There is also a lot of evidence about the effects of the imposition of the new Norman regime on the country. The Harrying of the North is the best known example of land being laid waste after the Conquest but there are also many other smaller scale examples. Baxter explained that laying waste to the land means the destruction of the property – burning buildings and land, killing livestock, taking away or destroying grain stores. This leaves the people who live off that land with no food, and no way to replace it. In towns this destruction of property was often partly intended to clear land for the new castles and cathedrals that William was building to assert his authority and control his new territory.
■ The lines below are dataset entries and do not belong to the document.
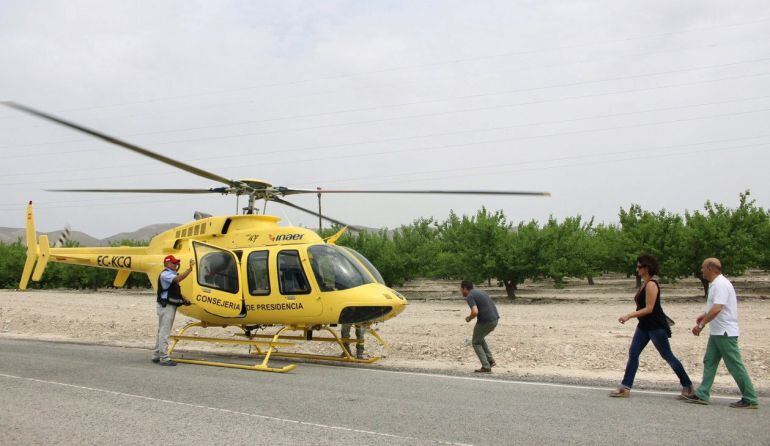 GRA203. CIEZA (MURCIA), 08/08/2015.- La consejera de Presidencia, María Dolores Pagán (2ªd), junto al alcalde de Cieza, Pascual Lucas, y el director general de Seguridad Ciudadana y Emergencias, Manuel Durán, sobrevolaron la zona afectada por los incendios que han arrasado 356 hectáreas en la Sierra de la Palera y 50 hectáreas en la Sierra del Almorchón, ambas en Cieza. EFE/CC.AA. Murcia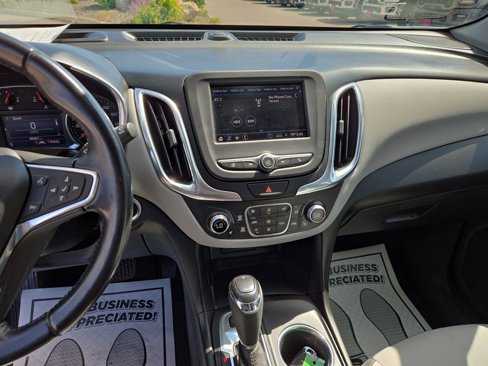 Used 2021 Chevrolet Equinox LT w/ Driver Convenience Package image 22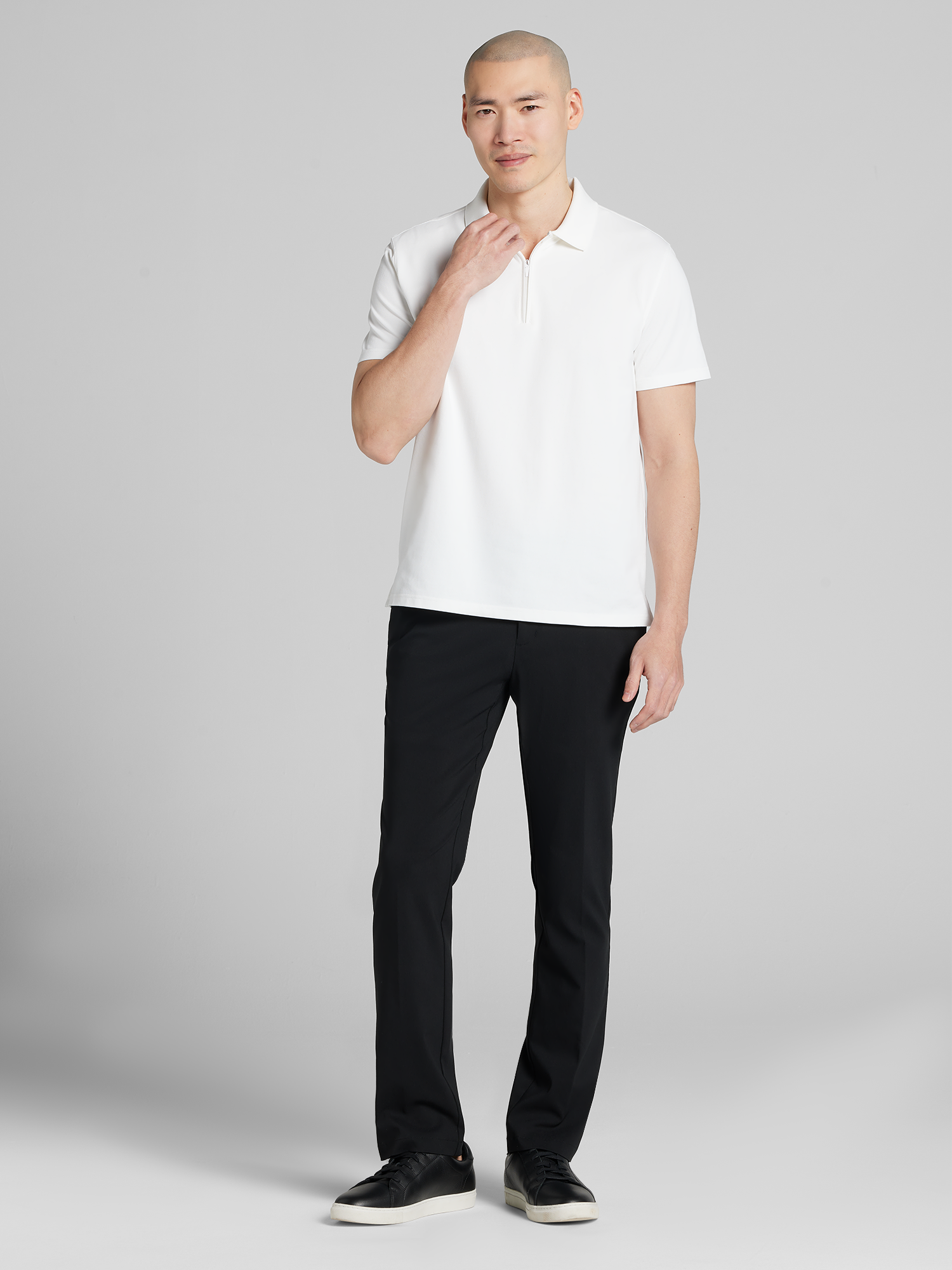 Modern Fit Performance Tech Chino Pants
The entries in the Domesday Book show the reduction caused to property value even a decade or two after the land in question was laid waste.
William the Conqueror probably never saw the completed work – he left England for his lands on the continent with a lot of money raised through taxing the English “as was his custom” (according to the Anglo-Saxon Chronicle) in 1086 and never returned (he died in 1087). As I mentioned at the start the Domesday Book was used as a reference in land disputes for many centuries afterwards, even down to relatively modern times. And it was also used in the late Middle Ages by villagers who wanted to prove they had the privileges accorded to a royal manor in 1086. In several cases villagers would club together to buy an excerpt from the Domesday Book which they hoped would demonstrate their status – often they were wrong, but obviously would’ve had to pay anyway.
An interesting programme – I’ve always been a bit fascinated by the Domesday Book since we did a project on it at school in 1986 – it was a country wide thing, generating a new “Domesday Book” 900 years on from the original. I thought it was up online now, but I think that may’ve been transitory which is a shame (although I haven’t searched very hard so I may be wrong).